▶ Your assignment
Repeat every entry exactly as given.

↓↓↓

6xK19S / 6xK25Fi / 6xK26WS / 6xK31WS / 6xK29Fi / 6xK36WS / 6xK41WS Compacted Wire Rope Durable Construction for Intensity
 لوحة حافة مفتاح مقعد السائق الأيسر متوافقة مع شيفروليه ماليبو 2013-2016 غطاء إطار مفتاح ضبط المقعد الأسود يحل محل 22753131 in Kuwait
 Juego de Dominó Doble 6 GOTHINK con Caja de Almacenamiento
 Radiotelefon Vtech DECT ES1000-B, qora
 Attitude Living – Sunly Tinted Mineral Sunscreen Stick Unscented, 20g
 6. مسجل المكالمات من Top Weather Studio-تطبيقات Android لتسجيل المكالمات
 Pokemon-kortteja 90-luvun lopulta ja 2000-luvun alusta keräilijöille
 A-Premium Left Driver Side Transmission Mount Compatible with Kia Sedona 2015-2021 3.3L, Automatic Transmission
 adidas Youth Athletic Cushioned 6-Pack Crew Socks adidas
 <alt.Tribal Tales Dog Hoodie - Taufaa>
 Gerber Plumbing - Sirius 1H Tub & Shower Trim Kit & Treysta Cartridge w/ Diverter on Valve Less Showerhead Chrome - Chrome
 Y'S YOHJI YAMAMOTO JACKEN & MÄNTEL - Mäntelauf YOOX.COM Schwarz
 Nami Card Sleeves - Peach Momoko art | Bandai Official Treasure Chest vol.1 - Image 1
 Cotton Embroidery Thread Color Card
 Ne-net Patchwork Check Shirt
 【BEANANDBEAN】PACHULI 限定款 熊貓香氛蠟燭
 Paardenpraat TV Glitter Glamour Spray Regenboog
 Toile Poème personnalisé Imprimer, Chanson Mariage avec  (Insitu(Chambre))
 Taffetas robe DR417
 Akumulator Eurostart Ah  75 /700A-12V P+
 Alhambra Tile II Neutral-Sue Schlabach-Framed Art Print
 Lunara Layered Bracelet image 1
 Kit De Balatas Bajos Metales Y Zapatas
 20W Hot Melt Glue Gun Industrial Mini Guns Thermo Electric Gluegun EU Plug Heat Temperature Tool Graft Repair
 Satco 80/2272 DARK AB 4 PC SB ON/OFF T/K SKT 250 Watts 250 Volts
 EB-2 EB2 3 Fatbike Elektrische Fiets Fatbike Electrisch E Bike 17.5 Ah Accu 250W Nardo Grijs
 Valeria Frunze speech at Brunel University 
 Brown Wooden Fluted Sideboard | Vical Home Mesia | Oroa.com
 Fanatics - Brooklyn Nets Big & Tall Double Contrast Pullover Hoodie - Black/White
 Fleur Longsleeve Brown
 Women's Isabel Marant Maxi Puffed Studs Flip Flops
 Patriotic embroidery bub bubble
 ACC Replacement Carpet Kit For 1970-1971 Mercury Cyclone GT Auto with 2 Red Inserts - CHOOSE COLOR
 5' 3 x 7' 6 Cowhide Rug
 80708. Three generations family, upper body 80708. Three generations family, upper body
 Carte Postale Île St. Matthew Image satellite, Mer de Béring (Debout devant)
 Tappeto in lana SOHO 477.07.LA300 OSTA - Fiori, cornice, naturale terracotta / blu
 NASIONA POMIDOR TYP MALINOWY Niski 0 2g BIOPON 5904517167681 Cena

↑↑↑

▶ Solved exercise
6xK19S / 6xK25Fi / 6xK26WS / 6xK31WS / 6xK29Fi / 6xK36WS / 6xK41WS Compacted Wire Rope Durable Construction for Intensity
 لوحة حافة مفتاح مقعد السائق الأيسر متوافقة مع شيفروليه ماليبو 2013-2016 غطاء إطار مفتاح ضبط المقعد الأسود يحل محل 22753131 in Kuwait
 Juego de Dominó Doble 6 GOTHINK con Caja de Almacenamiento
 Radiotelefon Vtech DECT ES1000-B, qora
 Attitude Living – Sunly Tinted Mineral Sunscreen Stick Unscented, 20g
 6. مسجل المكالمات من Top Weather Studio-تطبيقات Android لتسجيل المكالمات
 Pokemon-kortteja 90-luvun lopulta ja 2000-luvun alusta keräilijöille
 A-Premium Left Driver Side Transmission Mount Compatible with Kia Sedona 2015-2021 3.3L, Automatic Transmission
 adidas Youth Athletic Cushioned 6-Pack Crew Socks adidas
 <alt.Tribal Tales Dog Hoodie - Taufaa>
 Gerber Plumbing - Sirius 1H Tub & Shower Trim Kit & Treysta Cartridge w/ Diverter on Valve Less Showerhead Chrome - Chrome
 Y'S YOHJI YAMAMOTO JACKEN & MÄNTEL - Mäntelauf YOOX.COM Schwarz
 Nami Card Sleeves - Peach Momoko art | Bandai Official Treasure Chest vol.1 - Image 1
 Cotton Embroidery Thread Color Card
 Ne-net Patchwork Check Shirt
 【BEANANDBEAN】PACHULI 限定款 熊貓香氛蠟燭
 Paardenpraat TV Glitter Glamour Spray Regenboog
 Toile Poème personnalisé Imprimer, Chanson Mariage avec  (Insitu(Chambre))
 Taffetas robe DR417
 Akumulator Eurostart Ah  75 /700A-12V P+
 Alhambra Tile II Neutral-Sue Schlabach-Framed Art Print
 Lunara Layered Bracelet image 1
 Kit De Balatas Bajos Metales Y Zapatas
 20W Hot Melt Glue Gun Industrial Mini Guns Thermo Electric Gluegun EU Plug Heat Temperature Tool Graft Repair
 Satco 80/2272 DARK AB 4 PC SB ON/OFF T/K SKT 250 Watts 250 Volts
 EB-2 EB2 3 Fatbike Elektrische Fiets Fatbike Electrisch E Bike 17.5 Ah Accu 250W Nardo Grijs
 Valeria Frunze speech at Brunel University 
 Brown Wooden Fluted Sideboard | Vical Home Mesia | Oroa.com
 Fanatics - Brooklyn Nets Big & Tall Double Contrast Pullover Hoodie - Black/White
 Fleur Longsleeve Brown
 Women's Isabel Marant Maxi Puffed Studs Flip Flops
 Patriotic embroidery bub bubble
 ACC Replacement Carpet Kit For 1970-1971 Mercury Cyclone GT Auto with 2 Red Inserts - CHOOSE COLOR
 5' 3 x 7' 6 Cowhide Rug
 80708. Three generations family, upper body 80708. Three generations family, upper body
 Carte Postale Île St. Matthew Image satellite, Mer de Béring (Debout devant)
 Tappeto in lana SOHO 477.07.LA300 OSTA - Fiori, cornice, naturale terracotta / blu
 NASIONA POMIDOR TYP MALINOWY Niski 0 2g BIOPON 5904517167681 Cena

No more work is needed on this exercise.